Image-text web data
□ □ □ □ □ □ □

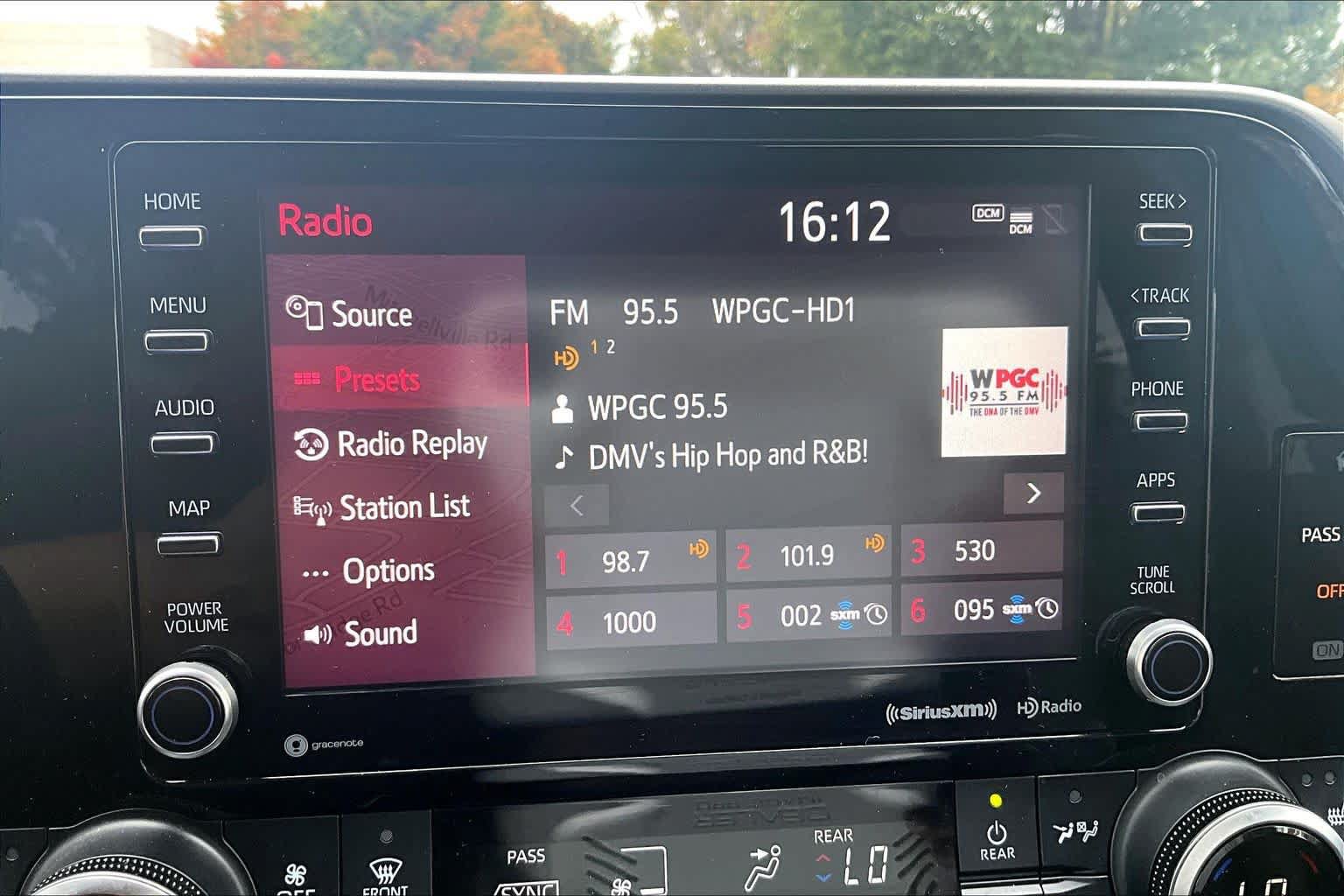 Used 2021 Toyota Highlander XLE AWD/4WD image 34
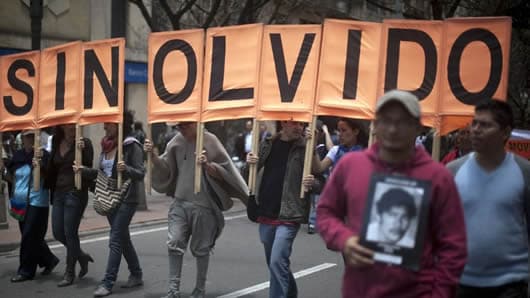 En Colombia han sido asesinados 30 defensores de derechos humanos y otros 194 han sufrido algún tipo de violencia en 2014. AFP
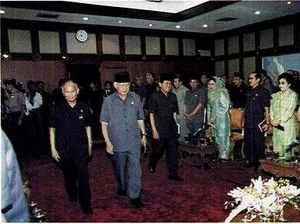 Latar Belakang Lahirnya Orde Baru dan Penyebab Runtuhnya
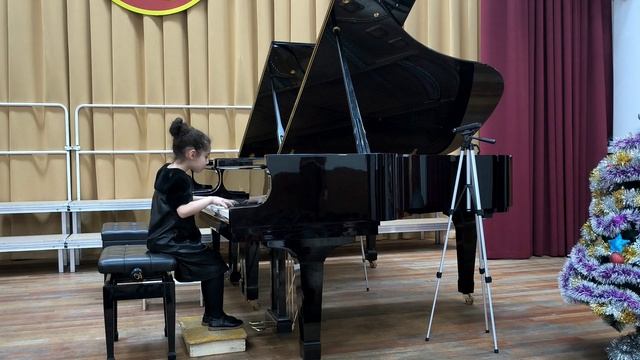 П.И. Чайковский - «Болезнь куклы». Исполняет Каджоян Эва (2 класс)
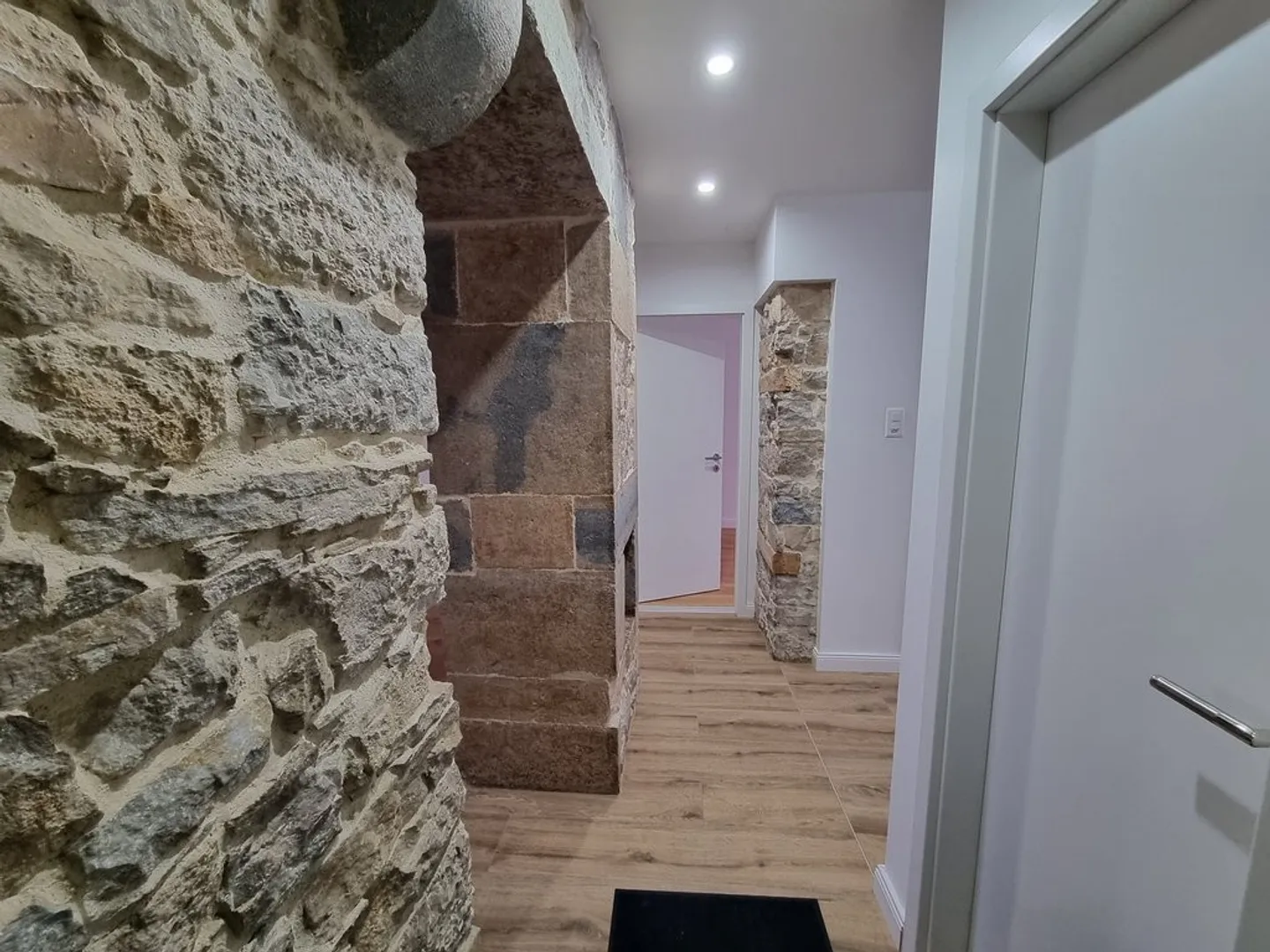 Beautiful modern 3-room apartment in the heart of the city - Photo 3 of 8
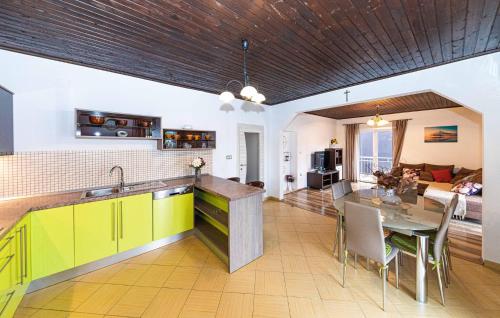 2 Bedroom Lovely Apartment In Okrug Gornji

□ □ □ □ □ □ □

**Task goal**
Write the lines out exactly, beginning at the line that holds "Эва (2 класс)" and stopping after the last line of the entries; include no pictures.

**Result below**
 П.И. Чайковский - «Болезнь куклы». Исполняет Каджоян Эва (2 класс)
 Beautiful modern 3-room apartment in the heart of the city - Photo 3 of 8
 2 Bedroom Lovely Apartment In Okrug Gornji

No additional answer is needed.